[Work request]: Go through the data below and return each line where the string "from" occurs.

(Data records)
---

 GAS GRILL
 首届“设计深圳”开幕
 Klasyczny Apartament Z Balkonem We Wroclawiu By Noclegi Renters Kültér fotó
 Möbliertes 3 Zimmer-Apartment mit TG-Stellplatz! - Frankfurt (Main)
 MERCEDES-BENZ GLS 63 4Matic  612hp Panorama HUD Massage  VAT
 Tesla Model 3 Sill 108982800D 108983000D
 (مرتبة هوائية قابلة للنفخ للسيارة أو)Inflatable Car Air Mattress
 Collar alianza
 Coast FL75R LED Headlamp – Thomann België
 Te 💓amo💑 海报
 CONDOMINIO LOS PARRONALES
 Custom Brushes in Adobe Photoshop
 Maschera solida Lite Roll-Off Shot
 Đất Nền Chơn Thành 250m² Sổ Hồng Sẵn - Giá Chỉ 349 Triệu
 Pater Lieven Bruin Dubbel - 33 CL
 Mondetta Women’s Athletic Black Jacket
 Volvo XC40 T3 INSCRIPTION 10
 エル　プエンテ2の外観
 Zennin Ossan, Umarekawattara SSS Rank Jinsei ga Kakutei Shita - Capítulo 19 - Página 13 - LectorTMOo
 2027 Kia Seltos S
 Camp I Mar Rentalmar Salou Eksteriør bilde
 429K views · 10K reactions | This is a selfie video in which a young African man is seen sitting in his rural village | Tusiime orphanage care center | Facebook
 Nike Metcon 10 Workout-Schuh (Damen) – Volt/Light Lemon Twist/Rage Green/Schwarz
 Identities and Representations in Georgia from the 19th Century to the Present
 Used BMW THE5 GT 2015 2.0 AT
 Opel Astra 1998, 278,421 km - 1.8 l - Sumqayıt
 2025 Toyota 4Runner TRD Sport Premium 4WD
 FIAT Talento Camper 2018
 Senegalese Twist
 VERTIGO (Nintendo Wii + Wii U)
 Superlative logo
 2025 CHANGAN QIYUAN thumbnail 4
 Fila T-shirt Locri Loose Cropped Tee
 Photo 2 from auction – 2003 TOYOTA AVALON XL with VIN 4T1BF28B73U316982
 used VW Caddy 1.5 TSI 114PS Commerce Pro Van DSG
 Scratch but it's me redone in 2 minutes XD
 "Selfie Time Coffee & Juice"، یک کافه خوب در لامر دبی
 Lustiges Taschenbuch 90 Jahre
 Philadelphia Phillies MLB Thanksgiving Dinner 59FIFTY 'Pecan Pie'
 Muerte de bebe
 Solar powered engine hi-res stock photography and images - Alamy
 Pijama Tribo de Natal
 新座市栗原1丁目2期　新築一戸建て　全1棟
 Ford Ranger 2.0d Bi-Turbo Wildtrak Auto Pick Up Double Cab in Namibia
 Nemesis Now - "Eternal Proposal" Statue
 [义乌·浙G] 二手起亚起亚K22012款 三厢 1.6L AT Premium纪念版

---

[The answer]:
 Identities and Representations in Georgia from the 19th Century to the Present
 Photo 2 from auction – 2003 TOYOTA AVALON XL with VIN 4T1BF28B73U316982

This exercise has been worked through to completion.